First Round
My team joined a competition RIS 2026 and this year’s problem was classification of bacteria based on their spectrum. The competition was split into 2 rounds. In each round we were given training and test data, training data contained images and classifications, and our task was to generate classifications for images in test data. In first round we were given only RGB images of agar plates with bacteria on it. Using convolutional neural network we managed to correctly classify 50 % of images, which was enough for 2nd place out of 19.
The Problem
In second round we were given 3D images, the third dimension was spectrum - amount of light reflected for each wavelenght. Images were cut to contain only the bacteria and agar in corners was set to value -1 so that we could focus only on the spectrum (and shape if we wanted).
Our task was to classify which bacteria was on a given image. Possible bacteria were:
- Escherichia coli (Ecoli),
- Enterococcus faecalis (Efae),
- Klebsiella aerogenes (Kaer),
- Klebsiella pneumoniae (Kpne),
- Pseudomonas aeruginosa (Paer),
- Staphylococcus aureus (Saur),
- Staphylococcus epidermidis (Sepi),
- Streptococcus pyogenes (Spyo).
In our team we had decided that each member would try to create his own model and see what works best. I decided to go with statistics and other two teammates both went with AI models.
Spectrum comparison
Firstly, I wanted to generate a spectrum - list of average brighteness for each wavelenght. This is an easy task. Next I wanted to see how much spectrum differs from one bacteria to another so I generated an average spectrum for each bacteria.

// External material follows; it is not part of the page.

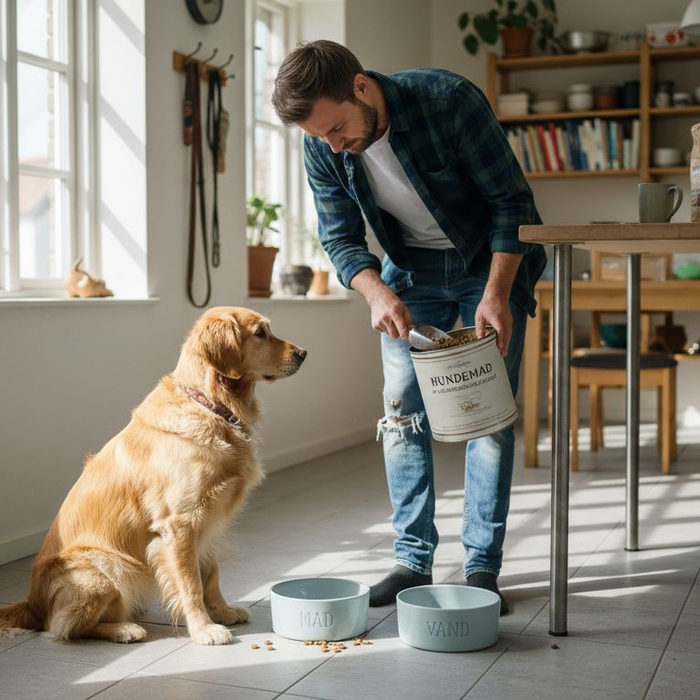 Hund og ejer hygger sig sammen i køkkenet, mens der bliver gjort klar til madtid.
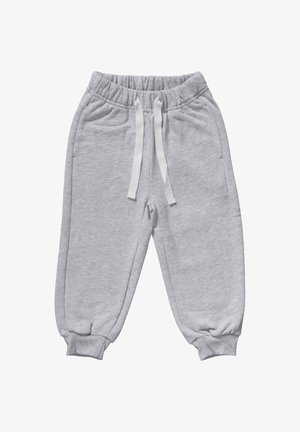 Lichtgrijze kinder sweatpants met een elastische tailleband, witte trekkoorden, zijzakken en ribgebreide boorden bij de enkels.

As you can see, the spectrum is very similar from one bacteria to another, the main difference is mostly in brightness. So I tried creating first model for classification - for each image generate a standard deviation for each bacteria between their spectrums and simply take the lowest deviation. That is our prediction. Mathematically:
$$ \sigma = \sum_{i = \lambda_\min}^{\lambda_\max}{ \frac{(x_i - x_{b i})^2}{\lambda_\max - \lambda_\min}} $$
where \( x_i \) is brightness in wavelenght \( i \) of the image and \( x_{b i} \) average brightness in wavelenght \( i \) of specific bacteria images.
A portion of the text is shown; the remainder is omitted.